The South Korean government plans to increase the solar power generation capacity to 400 MW by 2012. In addition to large-scale power plants the government is also looking to investment in home-basedsolar power systems. According to the ministry of Knowledge Economy, a total of 100,000 homes will have solar power systems installed by 2012 these will include all government-planned buildings and 60 percent of privately-owned homes will have solar power systems.

South Korea already has one of the largest solar PV power plants in the world — the SinAn power plant, capable of generating 33,000 units of electricity annually.

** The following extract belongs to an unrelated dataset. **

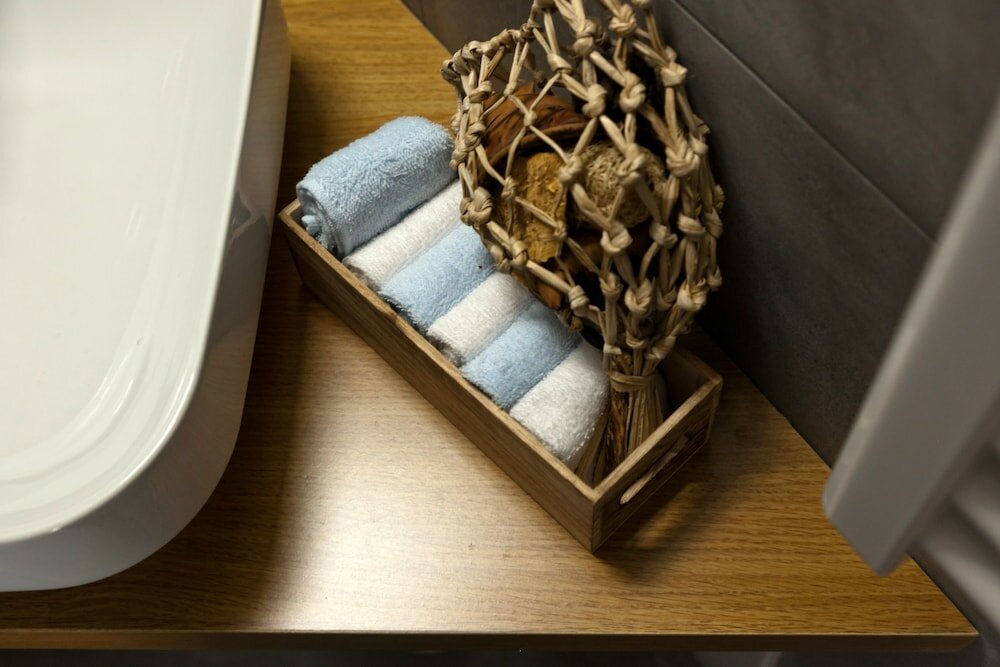 Фото Domus Schilizzi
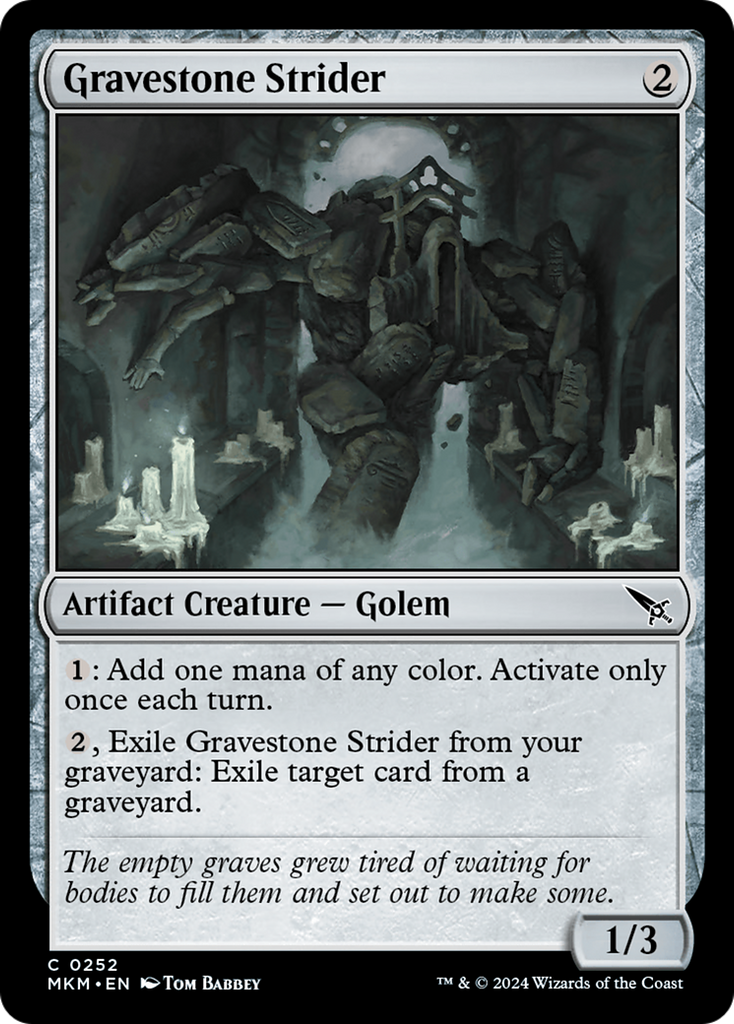 mtg exile target card from a graveyard o:"opponent's graveyard" sort:new Purify the Grave | Innistrad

And seeing a local market opportunity, South Korean manufacturing giants like Hyundai, Samsung and LG have also invested heavily in solar.

Wind Energy

The country aims at increasing the installed wind energy capacity to 1000 MW by 2012. There are plans for creating local manufacturing hubs which would supply wind turbine components to the local as well as foreign markets. The aim is to grab 10 percent share of the world’s wind energy technology supply chain by 2020.

The local companies like Hanjin Corporation are installing there own medium-sized wind turbines in the existing wind farms and are also looking to develop wind turbines of more than 5 MW generation capacity.

Green Transport

The new automobile policy has been designed keeping in mind Korea’s strong automobile sector. The government has outlined a policy which targets development of next-generation engines which are fuel flexible, that is, can be operated with several combinations of fuels. Several automakers in Korea are preparing to launch fuel cell-based cars in the near future and many, including Hyundai Motors, have launched hybrid cars which runs on cleaner fuels like natural gas.

The government will invest $5.6 billion in the automobile sector by 2013 as it aims at becoming one of the four largest green cars manufacturing nations.

Green Jobs

The government believes that the green industry can generate more jobs than conventional industries. If these projects are executed as per plans the government expects to generate more than 100,000 jobs by 2012 which can increase to 950,000 by 2030.